The article, published in the Lancet and co-authored by Dinesh Sethi and Jonathon Passmore, Programme Manager, Violence and Injury Prevention, WHO/Europe, looks at the legacy of ACEs and their societal financial impacts.
ACEs include being a victim of child maltreatment and being exposed to family violence, parental alcoholism or drug abuse, and other severe forms of stress while growing up. While it is just one component of ACE, it is estimated that 55 million children are subject to some form of violence and maltreatment each year in the WHO European Region alone.
ACEs have lifelong consequences for a person’s health and well-being. They are a major risk factor for psychiatric disorders and suicide, and have lifelong after effects, including depression anxiety disorders, smoking, alcohol and drug abuse, aggression and violence towards others, risky sexual behaviours and post-traumatic stress disorders.

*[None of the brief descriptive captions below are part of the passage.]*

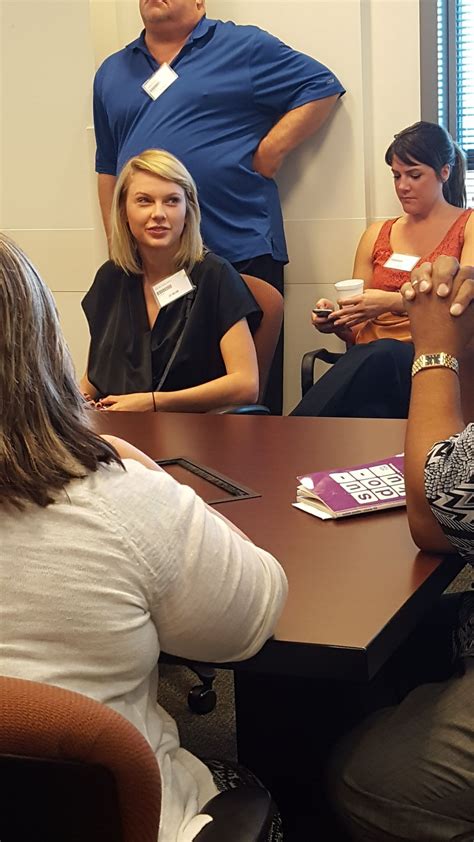 Celebrities-Trands: Taylor Swift at Jury Duty in Nashville, Tennessee 8 ...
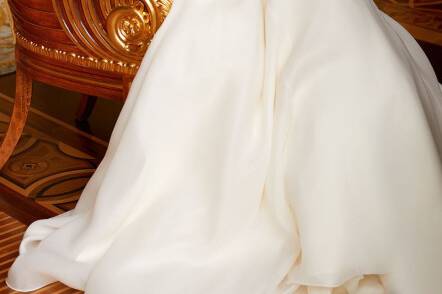 Lace wedding dress veil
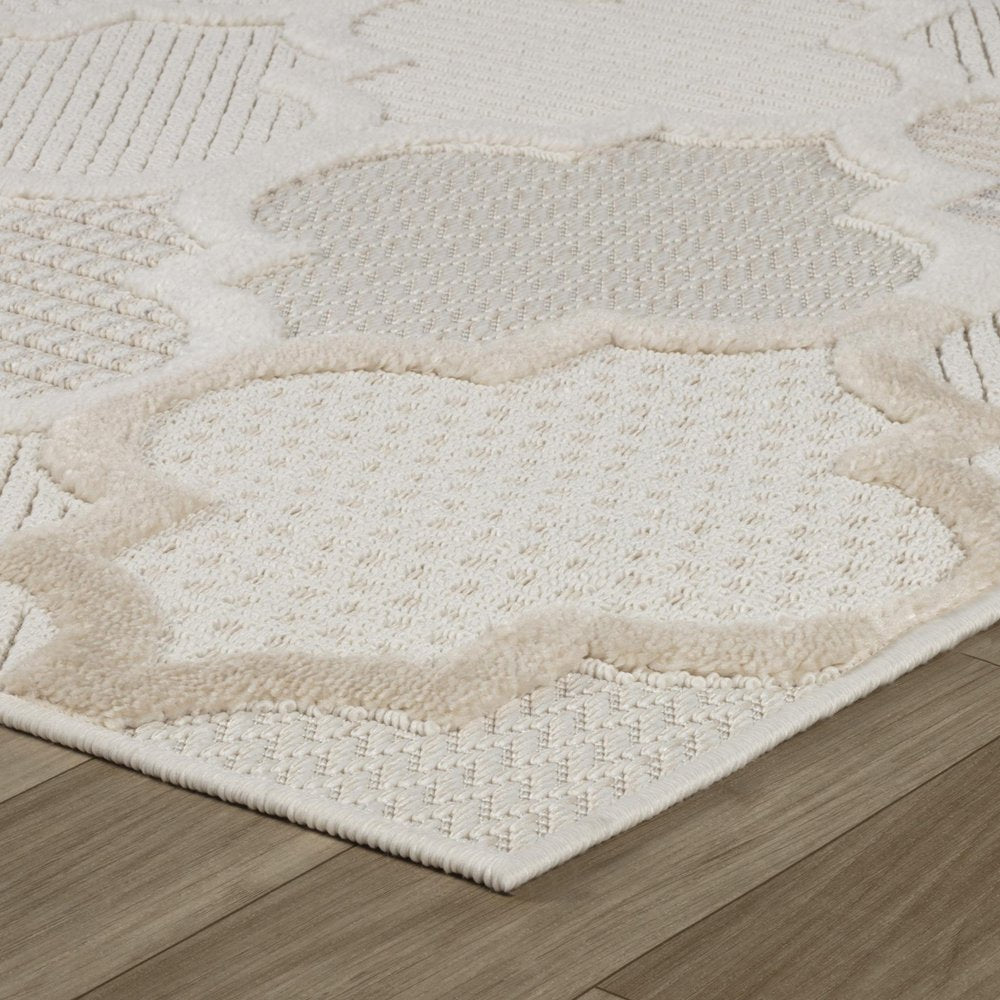 4' X 6' Cream and Beige Geometric Distressed Area Rug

“Every child should have every opportunity to live a healthy and meaningful life,” says Jonathon. “By looking at the proportions of major risk factors for and causes of ill health that can be attributed to some form of trauma in childhood and the associated financial costs, we can demonstrate that tackling adversities in childhood is beneficial to both individuals and society as a whole.”
Prevention should be the focus for the Region. Just a 10% reduction in the prevalence of childhood trauma could equate to annual savings of US$ 105 billion.
The paper is a synthesis of multiple international studies on ACEs and economic analysis of their long-term impact on the health and productivity of victims as adults across the European Region and north America. The combined 23 studies draw data from 1.6 million individuals.